Nie udało się jednak pobić lipcowego rekordu z początku XX wieku - 17 lipca 1904 roku termometry w Warszawie pokazały 37,1 stopnia Celsjusza. Daleko było też od lipcowego rekordu pogodowego dla całej Polski. 29 lipca 1921 roku w rejonie Prószkowa koło Opola odnotowano 40,2 stopnia Celsjusza.
Prof. Lorenc podkreśliła, że fale upałów są naturalnie związane z klimatem Polski, choć ostatnio powtarzają się częściej niż dawniej. - Obecnie takie cykle temperatury powtarzają się nawet w skali miesiąca, jak np. w 2012 roku, kiedy w centralnej części Polski mieliśmy w lipcu aż trzy fale upałów. W czasie ich trwania temperatura przekraczała 30 stopni Celsjusza i utrzymywała się dłużej niż przez trzy dni - przypomniała. Klimatolog dodała, że dawniej temperatury notowane w czasie fal upałów wynosiły z reguły 30-31 stopni, a obecnie mają ok. 35.
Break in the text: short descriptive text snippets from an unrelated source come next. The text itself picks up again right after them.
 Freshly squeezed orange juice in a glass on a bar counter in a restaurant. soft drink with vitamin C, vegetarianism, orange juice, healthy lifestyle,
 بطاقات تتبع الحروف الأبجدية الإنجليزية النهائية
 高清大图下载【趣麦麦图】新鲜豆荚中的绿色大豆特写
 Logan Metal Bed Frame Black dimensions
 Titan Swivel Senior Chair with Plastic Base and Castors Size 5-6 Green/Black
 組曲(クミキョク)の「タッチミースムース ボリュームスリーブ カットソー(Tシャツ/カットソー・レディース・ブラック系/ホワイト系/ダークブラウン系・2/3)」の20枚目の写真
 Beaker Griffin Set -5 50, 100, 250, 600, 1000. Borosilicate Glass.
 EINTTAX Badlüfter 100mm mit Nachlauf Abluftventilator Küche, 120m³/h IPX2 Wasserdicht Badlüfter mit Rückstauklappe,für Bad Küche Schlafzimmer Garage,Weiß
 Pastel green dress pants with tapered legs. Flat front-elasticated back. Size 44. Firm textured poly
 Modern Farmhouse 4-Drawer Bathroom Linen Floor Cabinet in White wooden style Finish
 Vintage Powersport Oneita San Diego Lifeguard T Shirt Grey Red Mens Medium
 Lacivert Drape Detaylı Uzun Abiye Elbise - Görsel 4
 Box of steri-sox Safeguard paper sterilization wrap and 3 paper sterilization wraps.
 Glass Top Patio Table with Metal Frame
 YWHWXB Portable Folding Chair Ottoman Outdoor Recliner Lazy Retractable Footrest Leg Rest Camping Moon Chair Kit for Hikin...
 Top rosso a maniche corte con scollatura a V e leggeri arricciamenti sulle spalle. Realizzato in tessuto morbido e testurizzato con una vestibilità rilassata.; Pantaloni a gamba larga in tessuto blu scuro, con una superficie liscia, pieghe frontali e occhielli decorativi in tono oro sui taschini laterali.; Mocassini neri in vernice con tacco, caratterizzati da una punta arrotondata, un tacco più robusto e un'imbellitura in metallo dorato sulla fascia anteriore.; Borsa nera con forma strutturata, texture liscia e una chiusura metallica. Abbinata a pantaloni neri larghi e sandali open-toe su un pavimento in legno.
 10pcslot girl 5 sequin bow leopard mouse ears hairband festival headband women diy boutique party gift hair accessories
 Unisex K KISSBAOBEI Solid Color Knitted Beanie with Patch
Częste i intensywne fale upałów są do Polski przynoszone przez układy baryczne powodujące tzw. blokadę wyżową. Blokady tej nie są w stanie pokonać ośrodki niżowe, przemieszczające się przeważnie z zachodu i z południowego zachodu. - Nad Polską zalega wtedy obszar podwyższonego ciśnienia, zablokowany od wschodu i zachodu pomiędzy ośrodkami niżowymi. Za "okresy tropikalnej pogody" odpowiadają masy powietrza, napływające do nas znad Afryki. Wszędzie, gdzie docierają, trafia również pył z afrykańskiego piasku. W konsekwencji na pewnych wysokościach dochodzi dodatkowo do zmętnienia atmosfery - wytłumaczyła klimatolog.